Lizzie Deignan outsprints Marianne Vos at the 2020 La Course

In 2014, the Tour organisers finally relented, to some degree, and came up with La Course by Le Tour de France. Originally held as a crit-style race around Paris on the same day as the final stage of the men’s race, the organisers then tinkered with a few mid-race experiments, while never expanding the event beyond two days.

Though La Course, and especially its first three years on the Champs-Élysées, felt at times like more of a concession than a statement of intent, a bolted-on afterthought rather than a sustainable plan for future growth, it nevertheless galvanised Bertine, Pooley, and Vos’s campaign for a proper, stable stage race under the Tour de France umbrella.

And with some scintillating racing to boot, especially once the race ventured beyond Paris – Annemiek van Vleuten’s stunning, last-ditch duel with Anna van der Breggen in the Alps in 2018 the undoubted highlight of the race’s tenure – even ASO couldn’t resist the hand of history, as well as the expectations of a sport and an audience that was fast outgrowing races seemingly more akin to amuse-bouches or petit fours than the full tasting menu of a grand tour.

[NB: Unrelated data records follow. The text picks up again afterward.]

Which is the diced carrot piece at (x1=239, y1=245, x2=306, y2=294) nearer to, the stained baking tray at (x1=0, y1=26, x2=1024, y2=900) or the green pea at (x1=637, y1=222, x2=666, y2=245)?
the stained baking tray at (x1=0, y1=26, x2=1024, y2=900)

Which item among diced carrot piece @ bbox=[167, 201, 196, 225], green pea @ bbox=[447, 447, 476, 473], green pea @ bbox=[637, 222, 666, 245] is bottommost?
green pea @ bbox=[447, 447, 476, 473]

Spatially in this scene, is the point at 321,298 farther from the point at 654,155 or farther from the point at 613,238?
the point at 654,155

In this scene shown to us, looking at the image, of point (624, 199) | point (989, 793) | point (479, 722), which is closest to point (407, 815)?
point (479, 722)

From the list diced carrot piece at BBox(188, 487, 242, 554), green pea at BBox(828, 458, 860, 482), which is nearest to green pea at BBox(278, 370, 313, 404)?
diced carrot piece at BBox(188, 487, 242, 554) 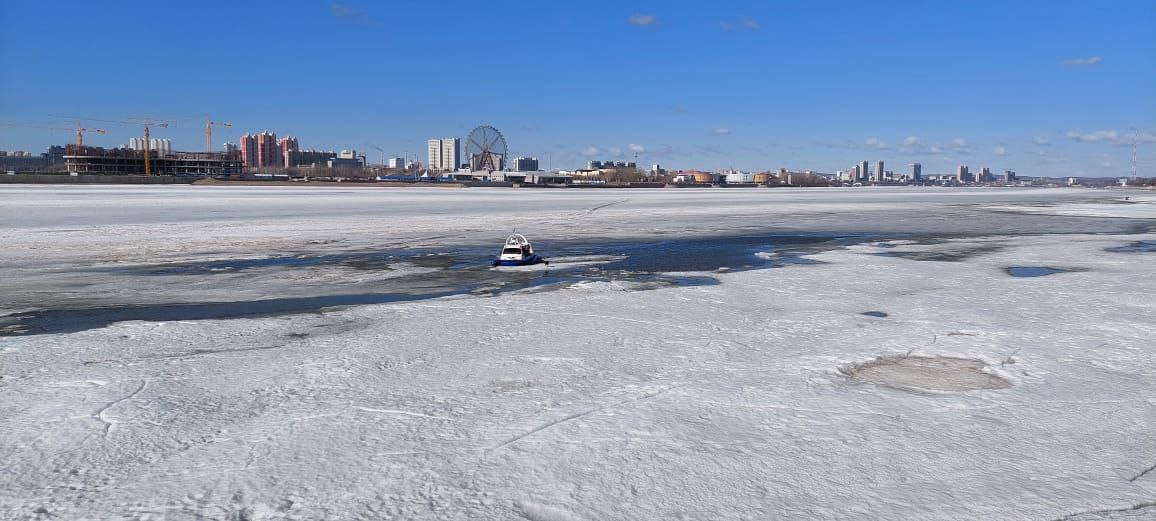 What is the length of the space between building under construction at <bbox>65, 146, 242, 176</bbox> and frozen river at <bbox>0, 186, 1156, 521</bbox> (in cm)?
12308

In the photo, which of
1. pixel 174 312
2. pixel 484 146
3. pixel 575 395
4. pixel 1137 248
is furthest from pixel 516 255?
pixel 484 146

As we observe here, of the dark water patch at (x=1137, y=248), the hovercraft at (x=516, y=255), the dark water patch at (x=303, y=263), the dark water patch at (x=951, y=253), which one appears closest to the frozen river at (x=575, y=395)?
the dark water patch at (x=303, y=263)

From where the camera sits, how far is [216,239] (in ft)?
64.7

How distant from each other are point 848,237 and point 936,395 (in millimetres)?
17690

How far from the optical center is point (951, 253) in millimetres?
17609

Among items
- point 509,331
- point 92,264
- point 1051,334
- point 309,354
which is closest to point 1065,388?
point 1051,334

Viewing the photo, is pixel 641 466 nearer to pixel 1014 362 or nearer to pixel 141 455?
pixel 141 455

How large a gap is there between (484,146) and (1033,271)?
113817 millimetres

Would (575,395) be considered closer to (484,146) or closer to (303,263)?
(303,263)

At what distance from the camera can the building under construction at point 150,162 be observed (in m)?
121

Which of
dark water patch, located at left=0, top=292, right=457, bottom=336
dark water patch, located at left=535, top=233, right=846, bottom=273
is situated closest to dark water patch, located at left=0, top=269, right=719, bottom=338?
dark water patch, located at left=0, top=292, right=457, bottom=336

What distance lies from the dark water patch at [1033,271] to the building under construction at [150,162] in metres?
125

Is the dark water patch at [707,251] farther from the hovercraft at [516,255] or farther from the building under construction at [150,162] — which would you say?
the building under construction at [150,162]

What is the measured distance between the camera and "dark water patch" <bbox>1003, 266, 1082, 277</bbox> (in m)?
13.6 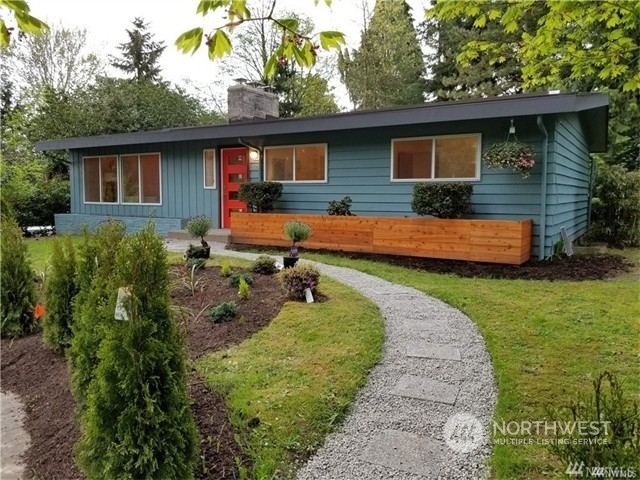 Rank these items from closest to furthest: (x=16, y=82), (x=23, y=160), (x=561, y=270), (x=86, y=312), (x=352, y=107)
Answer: (x=86, y=312)
(x=561, y=270)
(x=23, y=160)
(x=16, y=82)
(x=352, y=107)

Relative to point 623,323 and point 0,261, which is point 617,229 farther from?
point 0,261

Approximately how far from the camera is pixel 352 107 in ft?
72.9

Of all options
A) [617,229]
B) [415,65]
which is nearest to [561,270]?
[617,229]

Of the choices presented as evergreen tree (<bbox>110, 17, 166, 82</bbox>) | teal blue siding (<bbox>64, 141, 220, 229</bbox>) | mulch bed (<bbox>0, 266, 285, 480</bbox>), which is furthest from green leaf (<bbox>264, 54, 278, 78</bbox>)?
evergreen tree (<bbox>110, 17, 166, 82</bbox>)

In June 2021, ASO announced that a new women’s eight-day stage race, the Tour de France Femmes, would take place the week after the following year’s men’s race. A Tour de France for women was finally, after decades of struggle and frustrations, back.

Cecile Uttrup Ludwig wins stage 3 of the 2022 Tour de France Femmes (Zac Williams/SWpix.com)

And, it’s safe to say, the women’s peloton certainly made the most of the opportunity during a frenetic, exhilarating week on the fan-packed roads of France last year.

Stage four’s foray onto gravel brought drama and chaos, while Cecilie Uttrup Ludwig’s brilliant, come-from-behind sprint in Épernay – after a torrid opening few days for the Dane’s FDJ-Suez-Futuroscope team – reinforced her position as one of the sport’s darlings and its most entertaining interviewee.

2022 Tour de France Femmes, stage 8 (A.S.O., Thomas Maheux)

Meanwhile, Annemiek van Vleuten’s stunning success in the Vosges mountains, after a battle with illness earlier in the week, provided the race with an inspiring, if ultimately predictable, climax.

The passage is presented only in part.